Not many people have heard of the Altai Mountains. The range straddles four countries – Russia, Kazakhstan, Mongolia and China. Belukha, at 4,506m, sits just inside the Russian border to the north, making it not only the highest mountain in the Altai but in the whole of Siberia. It’s one of the furthest places from the sea in the world, a handicap compensated for by 1,500 glaciers, 7,000 freshwater lakes, and a network of brooks, streams, rivers and waterfalls. On a clear summer day, you look out on a landscape made up from thousands of acres of spruce and cedar that constitute a small portion of the taiga, mountain tundra not unlike the Scottish Highlands, meadows brimming with hundreds of species of flora and – floating above it all – the jagged snow-flashed peaks themselves.
A geographical crossroads, the Altai has long been a cultural and ethnic one too.
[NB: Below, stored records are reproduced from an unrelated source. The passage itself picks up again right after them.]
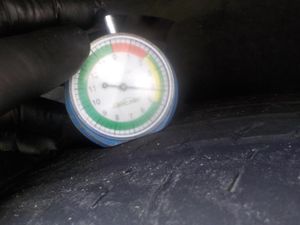 CHRYSLER PACIFICA TOURING L - 8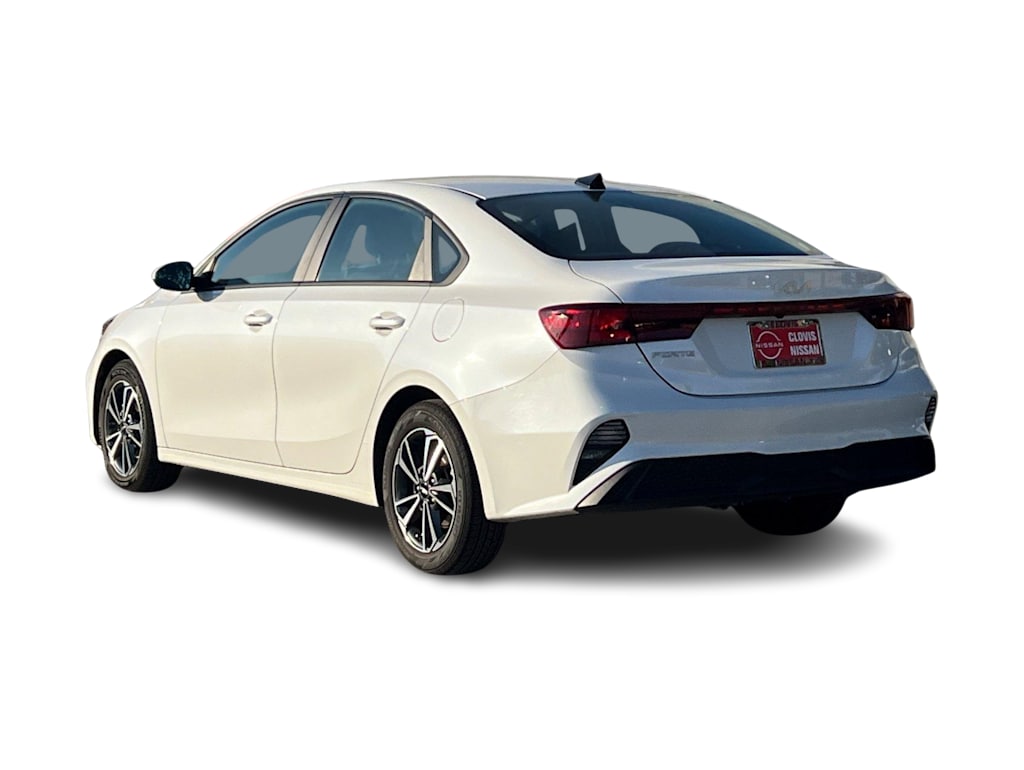 Thumbnail: 2023 Kia Forte - 4
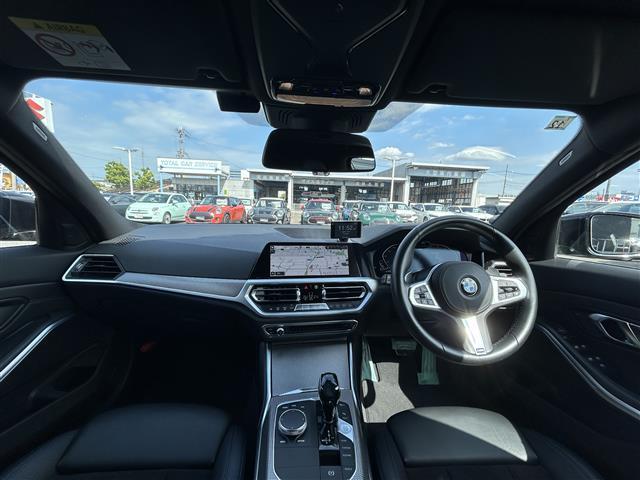 ３シリーズ ３２０ｄ　ｘＤｒｉｖｅツーリング　Ｍスポーツ　ハーフレザーシート・メモリ付きパワーシート☆パーキングアシストプラス☆コンフォートＰＫＧ・シートヒーター・オートマチックトランク☆アドバンスドアクティブセーフティＰＫＧ・（42枚目）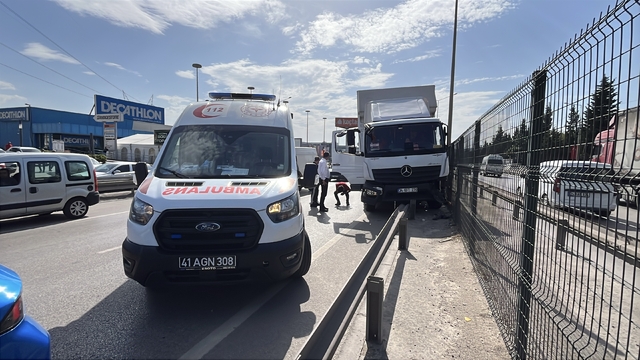 Direksiyon başında kalp krizi geçirdiği iddia edilen sürücü kaza yaptı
Native Altaians are Turkic-Mongol people. They have wide, Asiatic features and regard themselves as belonging to a lineage stretching back to Genghis Khan in the 13th century, although since then the generations have split and reconfigured into a dizzying arrangement of tribes and clans. Further back still, the region was home to the Pazyryk, named after the Pazyryk Valley where 2,500-year-old remains of tribal chiefs, perfectly preserved thanks to the permafrost, were found in burial mounds known as kurgans. These mummies, including the ‘Ice Princess of the Altai’, were laid to rest in such extravagant splendour as to leave no doubt about their pre-eminence within the world of that time.
The Pazyryk people were fine archers and horse riders, part of a wider Scythian empire and culture that may well have been the first to conceive of the idea of riding on horseback rather than behind a chariot. This tactic gave them great mobility and helped reinforce the view that the horse was an extension of man himself – a theory still common among native Altaians right up to the 20th century. For this reason, both among the Pazyryk and in living memory, people were often buried with their horses.
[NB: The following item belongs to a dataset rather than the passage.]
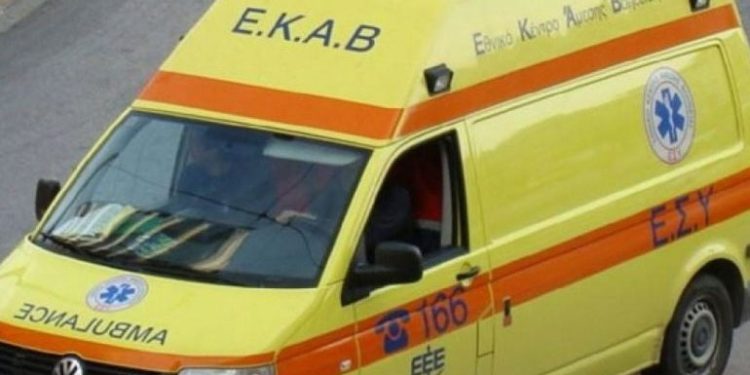 Αλεξανδρούπολη: 4 τραυματίες από ανατροπή οχήματος που μετέφερε πρόσφυγες
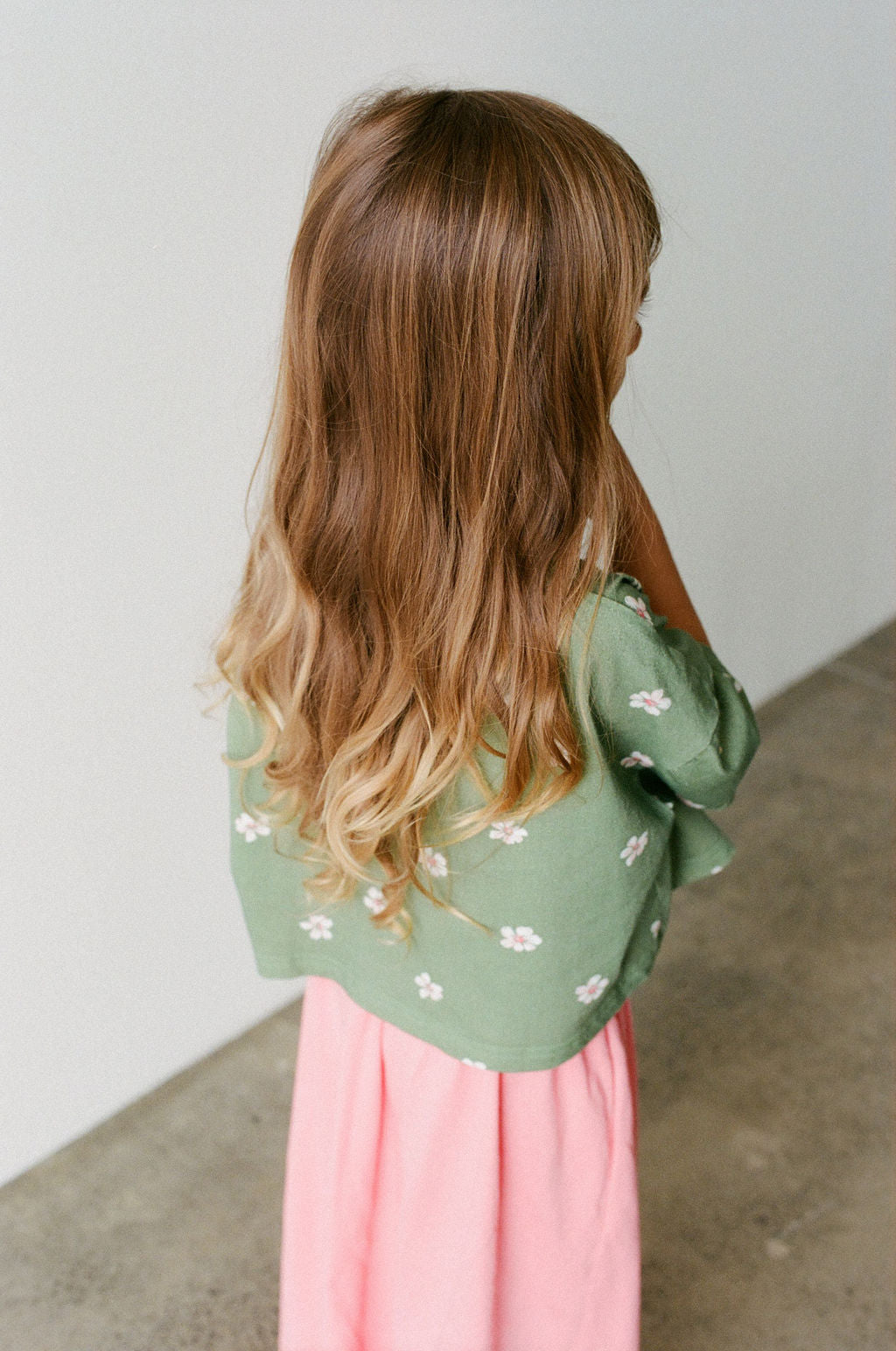 Illoura the Label - Cropped Tee Field Daisy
A ten-day trek in the Altai is practically impossible without horses, at least if you want to avoid a 40kg backpack and powdered food for the entire trip. In the mornings before they were saddled up for the day,
I liked watching them, their coats gilded by the sun, nostrils steaming in the still-cool air, heads angled towards the earth in that stoic, melancholy way. Stocky geldings, their powerful build would carry them doggedly up steep ascents and delicately down again, four or five linked together by ropes, an Altaian horserider urging them on with unearthly rasps and chirrups.
I only really saw a native Altaian off his horse when he was sleeping or eating. I got the feeling they regarded those of us walking up yet another 1,000 metres to yet another summit as missing vital mental faculties. ‘Why put yourself through it when you can ride instead?’ the wry smile seemed to say. There were times, groping my way up a muddy path made treacherous by the rain, that I was inclined to agree with them.
The prosaically named Andrew was the native Altaian responsible for the horses on my trek. He’s spent so much time in the saddle that on foot he has a bandy-legged swagger that wouldn’t look out of place in a Western. He spoke proudly of his father’s prowess at horseracing and told me his own diminutive build means he will race too. They train the horses through the cold, snowy Siberian winter and in summer they race in festivals, riding bareback. I asked how dangerous this is. Andrew shrugged: “I used to fall off when I was a kid but not any more.”
On our hike, we would be on our feet for at least five or six hours a day, punctuating mountain hikes with less strenuous walks. The views were always changing, always outdoing each other in beauty and scale. One day we walked to the Tekeliu Valley, the sun-drenched sight that resembles the famous Ansel Adams view of Yosemite, with the Tekeliu waterfall sparkling in the distance and the river snaking through it, lit up like a filament.
Another day we were strolling in lush meadows where aconitum, absinthe and aquilegia prospered (to mention just a few of the ‘A’s – the Altai has close to 300 endemic species of flora), before heading past the aquamarine Ak-Kem Lake at the foot of Belukha. From here we turned left into the Yarlu Ravine, its lunar atmosphere of white-clay and ferrous rocks in stark counterpoint to what had just gone before.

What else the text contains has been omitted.